Preparing for Interviews
Being prepared for the interview is the number-one way to calm your nerves. The employer has seen your resume and cover letter and is interested enough to want to meet you – you’ve already made the first cut. Remember that the interviewer is trying to find out if you are a good fit for the position and the organization. Give him or her reasons to say ‘yes’!
- Research – find out everything you can about the organization. The interviewer will be able to tell if you’ve done your homework. The more you know the more interested and motivated you will appear. It also shows the employer that you’re ready to hit the ground running.
- Network – if you got the interview through networking, use that to make a personal connection with the interviewer. Try to do this early on–it will help you to feel like the interview is more like a conversation and you’ll feel more at ease.
- Resume and cover letter – if you’ve gotten the interview, chances are the employer has already seen your resume but you should bring a copy of them with you to the interview, especially if you’ve got a more up-to-date version of your resume.
- List of skills – before the interview, make a list of your skills and abilities. These are what will make you an asset to your future employer; use the list to put yourself in a positive frame of mind and help you “sell” yourself to the interviewer. Your portfolio is a great starting point for this list, since it sums up your experience and interests.
- Practice – the Career Services Network offers practice interviews with employers throughout the year. Check Handshake for dates and times to sign up. Another way to practice is to videotape a practice interview with a friend. Watch the tape to see how you appear to an interviewer. Although this can be uncomfortable, it’s a great way to test your ability to answer common interview questions and get prompt feedback on your body language and speech patterns.
- Another way to practice your interview skills is to use InterviewStream. You will need a webcam to record a practice interview response to the questions provided. Simply play back to see how you are doing or send the recorded practice interview to an adviser or parents for input. It’s pretty easy to use!

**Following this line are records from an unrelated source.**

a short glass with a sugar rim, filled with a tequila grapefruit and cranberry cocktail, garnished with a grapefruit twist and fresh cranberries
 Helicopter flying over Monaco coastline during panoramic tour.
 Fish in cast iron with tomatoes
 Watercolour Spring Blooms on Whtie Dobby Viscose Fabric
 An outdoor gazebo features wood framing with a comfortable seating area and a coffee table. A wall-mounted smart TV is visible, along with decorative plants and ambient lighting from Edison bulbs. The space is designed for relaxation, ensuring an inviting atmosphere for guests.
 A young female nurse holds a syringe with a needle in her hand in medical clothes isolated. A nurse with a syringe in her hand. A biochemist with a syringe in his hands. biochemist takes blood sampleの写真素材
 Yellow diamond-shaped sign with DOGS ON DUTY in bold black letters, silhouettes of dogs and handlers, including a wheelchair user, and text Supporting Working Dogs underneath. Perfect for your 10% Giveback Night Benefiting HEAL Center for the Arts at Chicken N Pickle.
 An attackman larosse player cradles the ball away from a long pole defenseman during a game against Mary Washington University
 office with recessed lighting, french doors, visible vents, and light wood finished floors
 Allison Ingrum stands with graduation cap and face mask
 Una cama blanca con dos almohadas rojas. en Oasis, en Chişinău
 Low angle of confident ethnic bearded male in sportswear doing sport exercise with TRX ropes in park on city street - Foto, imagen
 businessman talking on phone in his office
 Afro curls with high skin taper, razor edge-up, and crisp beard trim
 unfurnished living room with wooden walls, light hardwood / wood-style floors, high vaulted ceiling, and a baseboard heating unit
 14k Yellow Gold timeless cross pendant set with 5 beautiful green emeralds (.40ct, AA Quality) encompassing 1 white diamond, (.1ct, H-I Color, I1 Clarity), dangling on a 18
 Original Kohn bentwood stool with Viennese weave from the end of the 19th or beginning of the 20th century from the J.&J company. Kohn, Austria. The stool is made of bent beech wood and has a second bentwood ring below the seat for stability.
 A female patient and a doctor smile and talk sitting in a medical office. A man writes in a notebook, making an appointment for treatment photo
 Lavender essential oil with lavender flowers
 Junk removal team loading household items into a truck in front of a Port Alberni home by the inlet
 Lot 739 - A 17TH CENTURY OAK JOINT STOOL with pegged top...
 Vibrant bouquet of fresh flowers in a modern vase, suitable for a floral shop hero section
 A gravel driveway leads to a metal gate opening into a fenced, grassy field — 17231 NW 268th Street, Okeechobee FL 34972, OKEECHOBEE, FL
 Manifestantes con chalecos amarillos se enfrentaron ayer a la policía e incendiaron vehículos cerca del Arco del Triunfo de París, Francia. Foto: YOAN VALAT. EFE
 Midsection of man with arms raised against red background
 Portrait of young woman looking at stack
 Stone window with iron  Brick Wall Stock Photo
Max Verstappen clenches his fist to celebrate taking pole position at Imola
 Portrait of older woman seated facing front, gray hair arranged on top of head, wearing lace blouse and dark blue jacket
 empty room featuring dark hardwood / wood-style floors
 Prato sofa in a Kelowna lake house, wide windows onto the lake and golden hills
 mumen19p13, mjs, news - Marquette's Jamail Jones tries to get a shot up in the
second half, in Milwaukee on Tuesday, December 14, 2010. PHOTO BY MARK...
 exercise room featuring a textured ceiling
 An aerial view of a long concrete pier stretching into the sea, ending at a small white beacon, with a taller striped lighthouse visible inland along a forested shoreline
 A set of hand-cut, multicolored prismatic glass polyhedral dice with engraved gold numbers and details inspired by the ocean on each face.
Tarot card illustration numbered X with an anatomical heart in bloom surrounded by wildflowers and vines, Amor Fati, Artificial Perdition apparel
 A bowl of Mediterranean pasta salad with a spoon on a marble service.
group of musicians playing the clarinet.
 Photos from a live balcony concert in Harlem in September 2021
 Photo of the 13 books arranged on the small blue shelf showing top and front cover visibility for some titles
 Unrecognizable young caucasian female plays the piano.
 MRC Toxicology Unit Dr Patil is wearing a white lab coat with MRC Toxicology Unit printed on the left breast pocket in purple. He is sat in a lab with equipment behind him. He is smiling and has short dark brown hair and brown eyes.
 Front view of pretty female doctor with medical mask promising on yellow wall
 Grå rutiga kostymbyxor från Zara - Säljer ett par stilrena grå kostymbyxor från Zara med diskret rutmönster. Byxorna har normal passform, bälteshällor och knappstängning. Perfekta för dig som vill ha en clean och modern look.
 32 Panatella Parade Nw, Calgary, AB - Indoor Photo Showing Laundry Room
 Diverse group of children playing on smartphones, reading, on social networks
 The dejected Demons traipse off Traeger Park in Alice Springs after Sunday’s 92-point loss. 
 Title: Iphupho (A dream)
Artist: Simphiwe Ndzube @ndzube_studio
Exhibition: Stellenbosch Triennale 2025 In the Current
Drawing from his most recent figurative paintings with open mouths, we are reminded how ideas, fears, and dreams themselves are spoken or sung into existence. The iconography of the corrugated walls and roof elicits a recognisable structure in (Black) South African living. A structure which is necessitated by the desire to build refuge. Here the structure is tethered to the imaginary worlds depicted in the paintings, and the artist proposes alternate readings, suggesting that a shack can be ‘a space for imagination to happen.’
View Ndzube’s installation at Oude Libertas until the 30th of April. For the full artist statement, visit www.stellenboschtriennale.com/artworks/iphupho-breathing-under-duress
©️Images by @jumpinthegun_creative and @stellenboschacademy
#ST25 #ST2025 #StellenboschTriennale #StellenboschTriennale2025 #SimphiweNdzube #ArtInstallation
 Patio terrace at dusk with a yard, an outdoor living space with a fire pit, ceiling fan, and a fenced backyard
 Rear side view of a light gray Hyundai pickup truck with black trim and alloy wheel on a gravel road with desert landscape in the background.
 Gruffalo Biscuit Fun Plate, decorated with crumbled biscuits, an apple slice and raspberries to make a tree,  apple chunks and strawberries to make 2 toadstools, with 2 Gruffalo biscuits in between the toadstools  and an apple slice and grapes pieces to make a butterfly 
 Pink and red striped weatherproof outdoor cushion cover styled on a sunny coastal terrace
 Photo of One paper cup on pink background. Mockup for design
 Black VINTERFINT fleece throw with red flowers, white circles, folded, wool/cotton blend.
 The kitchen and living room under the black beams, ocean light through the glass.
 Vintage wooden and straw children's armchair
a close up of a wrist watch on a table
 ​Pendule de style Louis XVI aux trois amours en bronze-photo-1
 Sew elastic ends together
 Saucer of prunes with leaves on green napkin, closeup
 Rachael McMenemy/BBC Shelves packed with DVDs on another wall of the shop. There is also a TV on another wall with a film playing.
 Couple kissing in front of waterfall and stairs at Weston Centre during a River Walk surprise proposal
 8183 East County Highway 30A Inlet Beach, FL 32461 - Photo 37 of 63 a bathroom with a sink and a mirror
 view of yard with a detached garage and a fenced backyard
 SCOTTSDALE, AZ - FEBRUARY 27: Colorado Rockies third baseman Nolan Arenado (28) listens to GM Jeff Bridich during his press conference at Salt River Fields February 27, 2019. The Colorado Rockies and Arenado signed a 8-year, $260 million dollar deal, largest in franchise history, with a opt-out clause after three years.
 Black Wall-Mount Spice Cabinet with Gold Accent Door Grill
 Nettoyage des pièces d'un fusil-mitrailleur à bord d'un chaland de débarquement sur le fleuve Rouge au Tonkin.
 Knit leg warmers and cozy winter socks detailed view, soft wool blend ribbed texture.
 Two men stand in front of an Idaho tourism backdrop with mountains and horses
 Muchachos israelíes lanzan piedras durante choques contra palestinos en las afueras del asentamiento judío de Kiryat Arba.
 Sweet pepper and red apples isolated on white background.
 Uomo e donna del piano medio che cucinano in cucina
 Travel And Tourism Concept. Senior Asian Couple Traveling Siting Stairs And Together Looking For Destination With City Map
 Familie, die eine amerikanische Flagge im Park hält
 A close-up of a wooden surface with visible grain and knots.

If you do not have access to a webcam, stop into career services office and record your practice interview there.
- Arrive late or appear rushed or disorganized.
- Seem over-eager and desperate.
- Apologize for your background or experience.
- Criticize your past employers or co-workers in any way.
- Ask questions that you know the answers to.
- Oversell your qualities.
- Ask about salary and job benefits before you have a solid job offer.
- Elaborate on unnecessary details to fill an awkward silence.
- Wear unusual clothes or heavy cologne; always be very conservative.